What carries the argument
The two-level Hierarchical Transition Graph that stores coarse global directions at one level, detailed local strategies at the other, and transition experience between steps.
Load-bearing premise
That a two-level graph can organize experience at the right granularity so global selection plus local retrieval produces effective CUDA code without enlarging the search space or obscuring bottlenecks.
What would settle it
Experiments on the KernelBench suite where HTAM shows no gains in correctness, fast-solution rate, or speedup compared to LLM baselines would disprove the claim.
Figures
read the original abstract
High-performance GPU kernels are essential for efficient LLM deployment, yet optimizing them remains expertise-intensive. Recent LLM-based code generation makes automatic GPU operator generation promising, but operator optimization remains a hardware-aware search problem. Existing LLM-based methods face a granularity mismatch: coarse hints are reusable but hard to execute, whereas detailed memories are actionable but enlarge the search space and obscure optimization bottlenecks. The key challenge is therefore to organize optimization experience at an appropriate granularity. To address this issue, this paper proposes HTAM (Hierarchical Transition-Attended Memory), a coarse-to-fine framework for LLM-based operator optimization. HTAM builds a two-level Hierarchical Transition Graph (HTG) to organize coarse global directions, detailed local strategies, and transition experience between optimization steps. During each evolution step, HTAM selects a global direction from the current state and recent optimization history, retrieves the corresponding local strategy memory, and uses it to guide concrete CUDA code generation. Experiments on the full KernelBench suite demonstrate that HTAM consistently improves correctness, fast-solution rate, and speedup over LLM-based baselines, while backend and Robust-KBench studies indicate transferable benefits from structured memory.
Editorial analysis
A structured set of objections, weighed in public.
Referee Report
Summary. The paper proposes HTAM (Hierarchical Transition-Attended Memory), a coarse-to-fine framework for LLM-based GPU operator optimization. It constructs a two-level Hierarchical Transition Graph (HTG) to organize coarse global directions, detailed local strategies, and transition experience. At each evolution step, the method selects a global direction from the current state and recent history, retrieves the corresponding local strategy memory, and uses it to guide concrete CUDA code generation. Experiments on the full KernelBench suite are reported to show consistent gains in correctness, fast-solution rate, and speedup over LLM-based baselines, with additional backend and Robust-KBench studies indicating transferable benefits from the structured memory.

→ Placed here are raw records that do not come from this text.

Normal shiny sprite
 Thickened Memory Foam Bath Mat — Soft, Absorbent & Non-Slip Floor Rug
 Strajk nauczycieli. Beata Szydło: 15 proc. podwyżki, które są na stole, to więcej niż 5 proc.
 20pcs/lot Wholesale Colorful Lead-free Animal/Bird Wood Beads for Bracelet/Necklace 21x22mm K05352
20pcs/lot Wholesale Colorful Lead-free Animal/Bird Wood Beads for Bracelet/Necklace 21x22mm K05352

Significance. If the reported gains hold under rigorous evaluation, the hierarchical organization of optimization experience at appropriate granularity could meaningfully advance automatic, hardware-aware kernel generation for LLMs. The approach directly targets the granularity mismatch between reusable coarse hints and actionable but search-space-enlarging detailed memories, offering a structured alternative to flat memory or prompt-based methods.
major comments (1)
- [Abstract / Experimental Evaluation] The central experimental claim (consistent improvements on the full KernelBench suite) is presented without any description of baselines, number of trials, statistical tests, ablation results on the two-level HTG components, or definitions of the reported metrics. This absence prevents assessment of whether the data actually support the claim that structured memory yields transferable benefits.

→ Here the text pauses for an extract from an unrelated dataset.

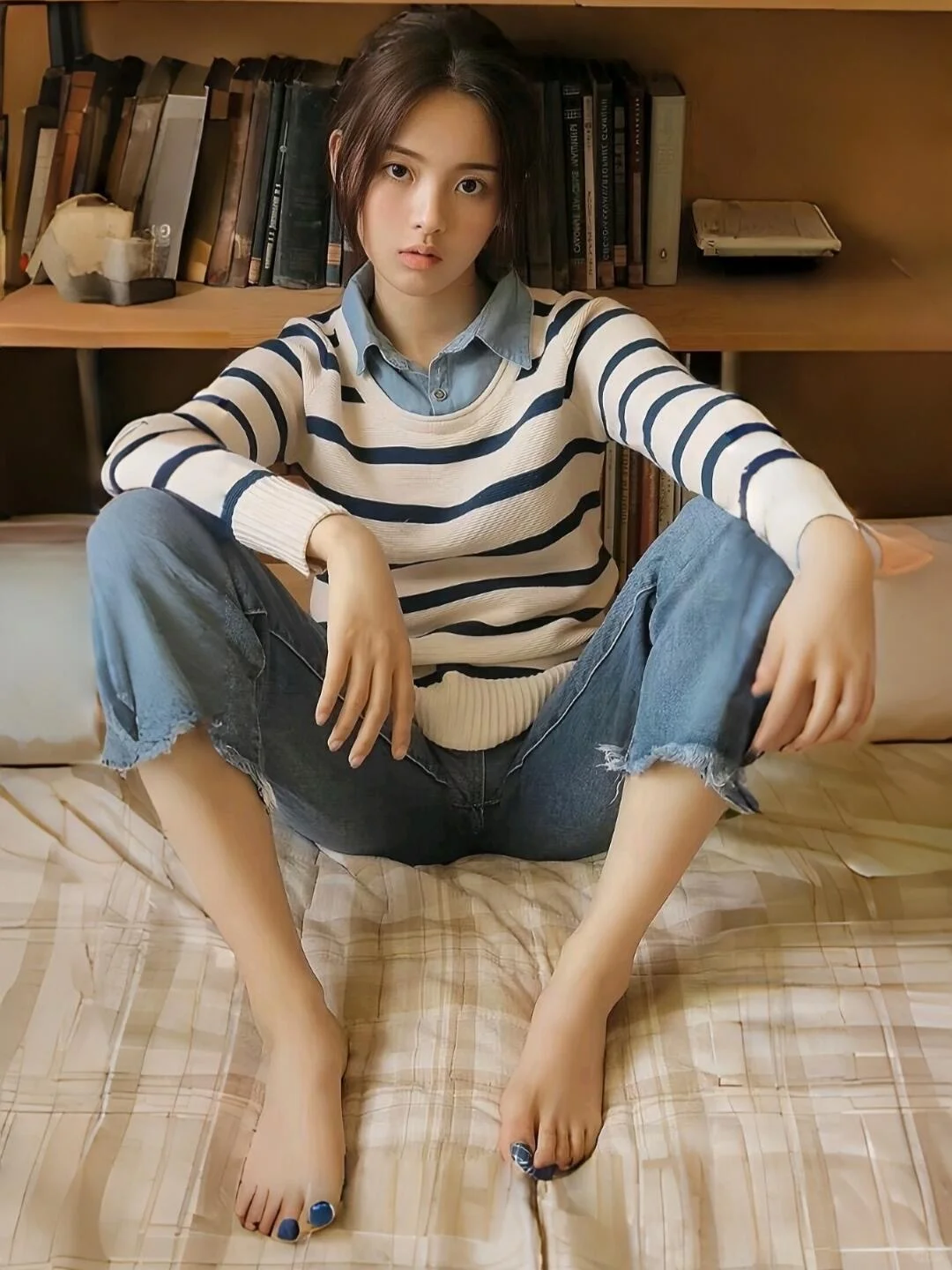 杨超越｜松弛又元气的美，最治愈的存在 🍑✨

Simulated Author's Rebuttal
We thank the referee for the constructive comment on the abstract's experimental description. We agree that greater self-containment in the abstract will strengthen the presentation of our claims and will revise accordingly while preserving the abstract's length constraints.

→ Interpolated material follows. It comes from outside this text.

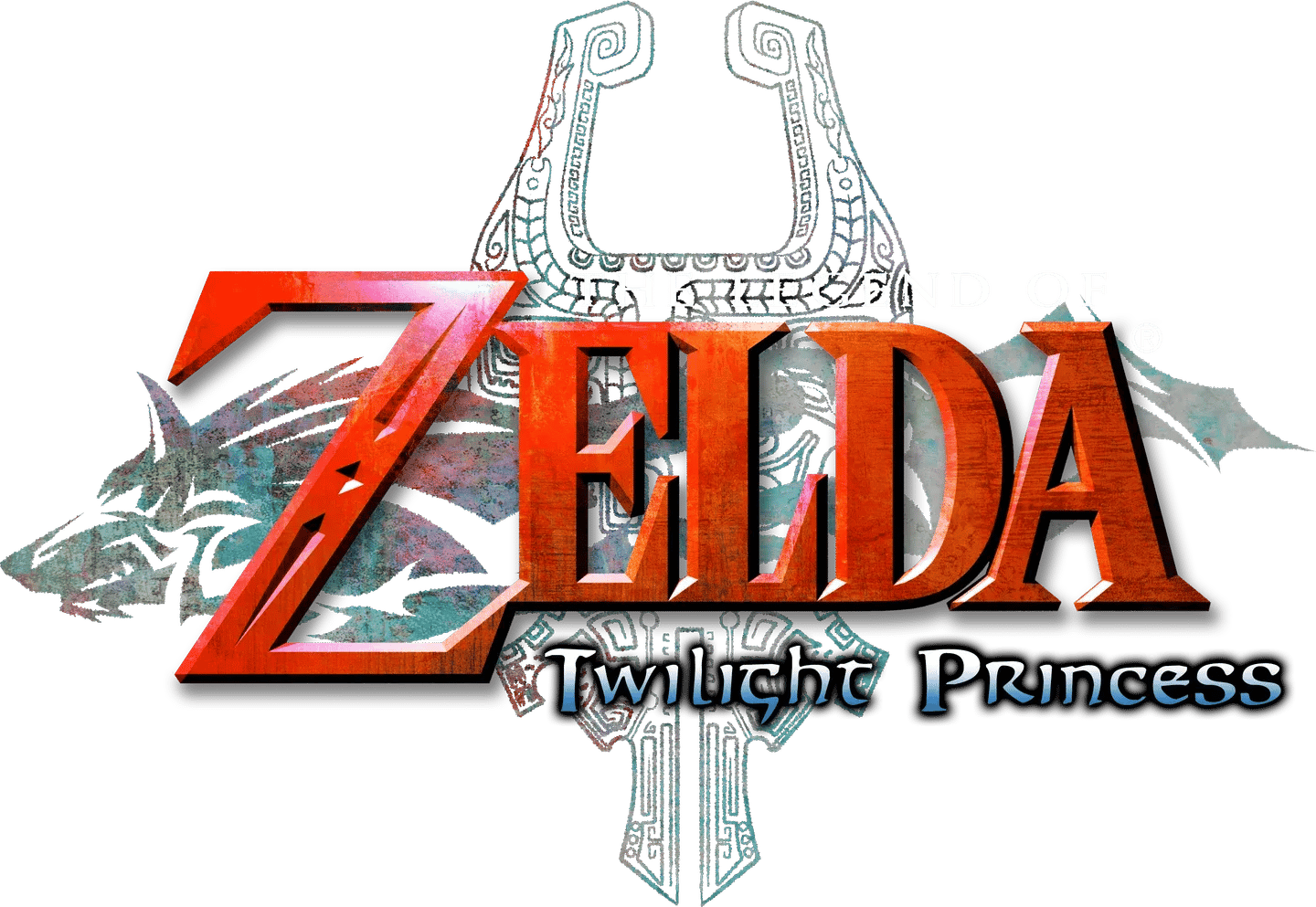 The Legend of Zelda: Twilight Princess Logo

read point-by-point responses
-
Referee: [Abstract / Experimental Evaluation] The central experimental claim (consistent improvements on the full KernelBench suite) is presented without any description of baselines, number of trials, statistical tests, ablation results on the two-level HTG components, or definitions of the reported metrics. This absence prevents assessment of whether the data actually support the claim that structured memory yields transferable benefits.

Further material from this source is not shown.